§ What is being asked
Only the lines from the "Renaissance Classic Grey" line through the last line of the material below belong in the answer, reproduced exactly and with no pictures.

§ Data segment
▬▬▬▬▬▬▬▬▬▬

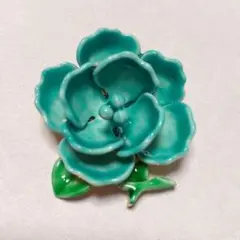昭和レトロ　俊兼　としかね　有田焼　陶器製　花　小花　ブローチ　青　水色　レトロ Yahoo!オークション -「トシカネ」(ブローチ) (レディース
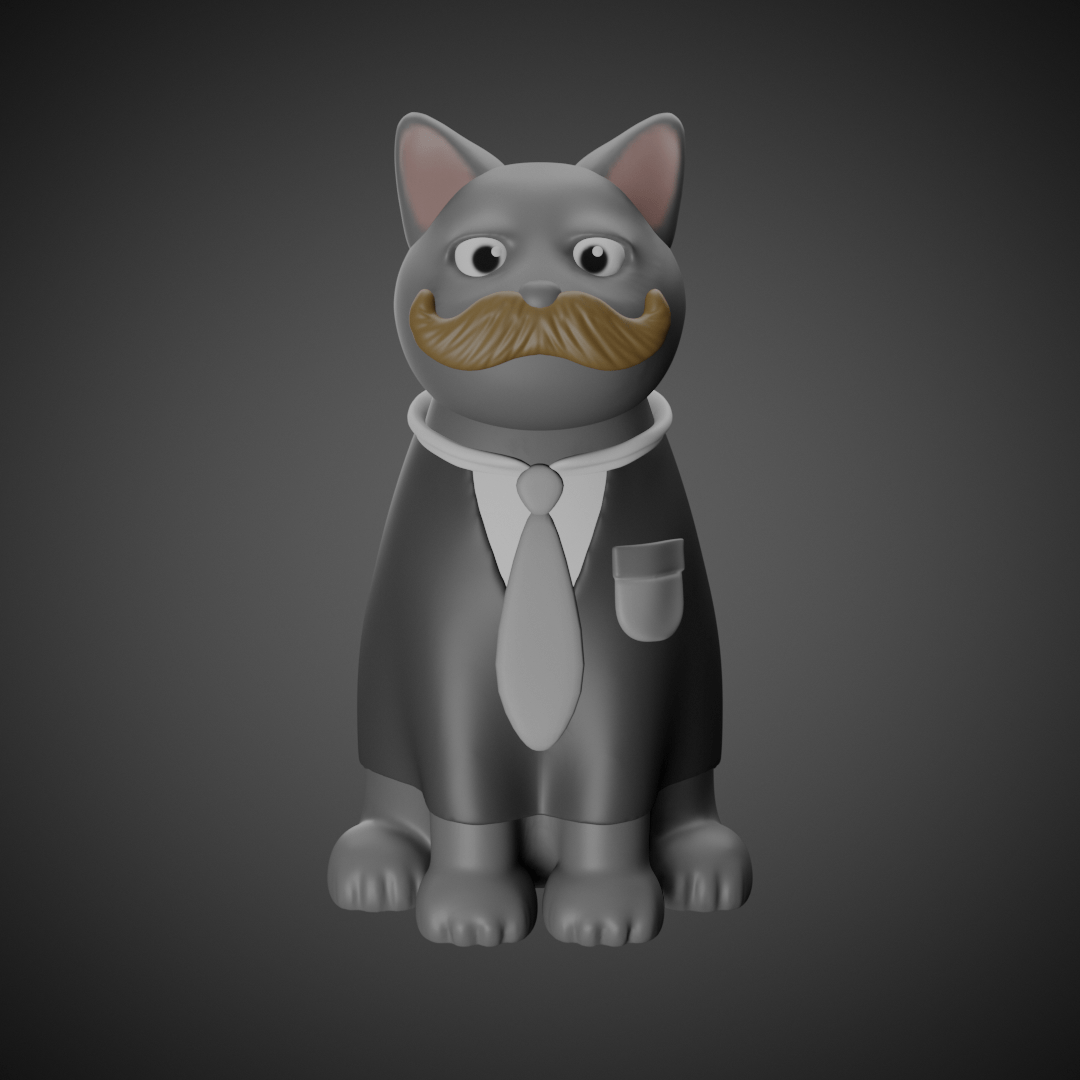 Mustache Cat But I remade him a year later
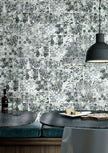 Renaissance Classic Grey Glass Tiles 150x600mm in a room setting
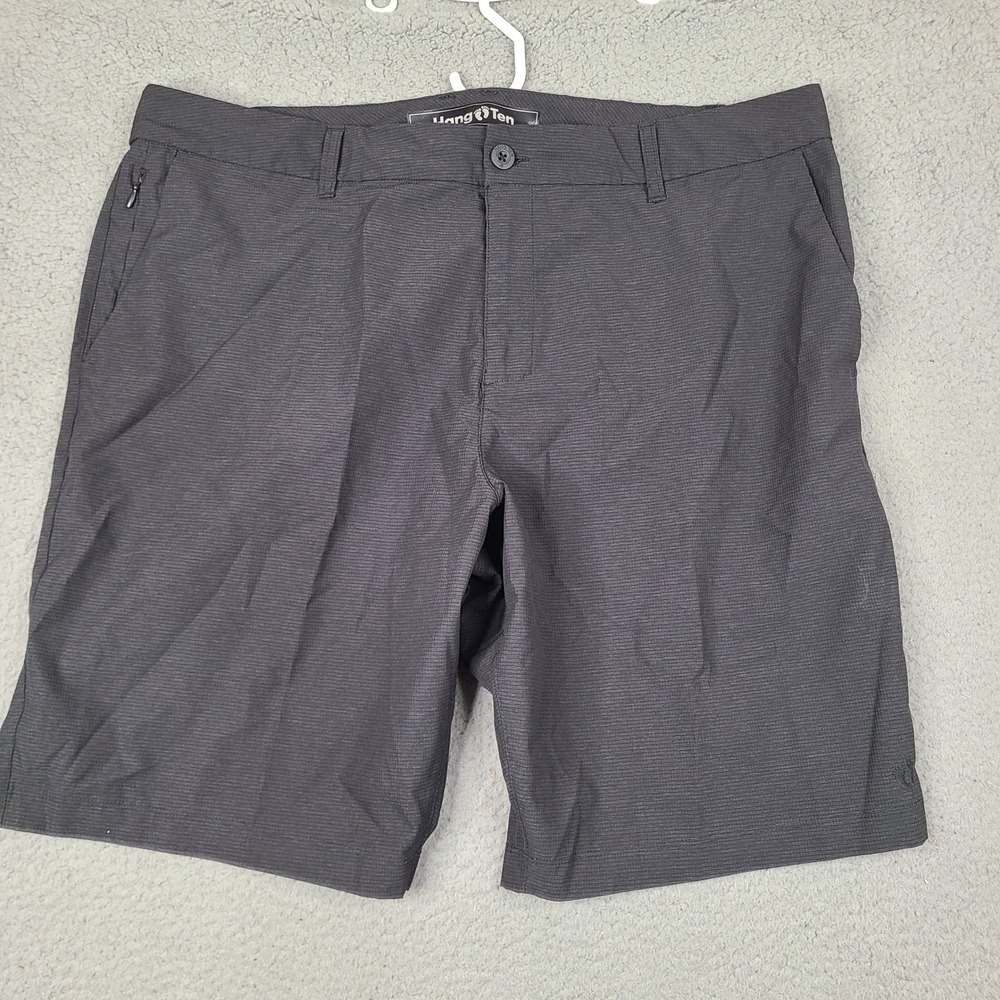 Hang Ten Mens Hybrid Shorts 38 Dark Gray Charcoal Textured Stretch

▬▬▬▬▬▬▬▬▬▬

§ Reply
 Renaissance Classic Grey Glass Tiles 150x600mm in a room setting
 Hang Ten Mens Hybrid Shorts 38 Dark Gray Charcoal Textured Stretch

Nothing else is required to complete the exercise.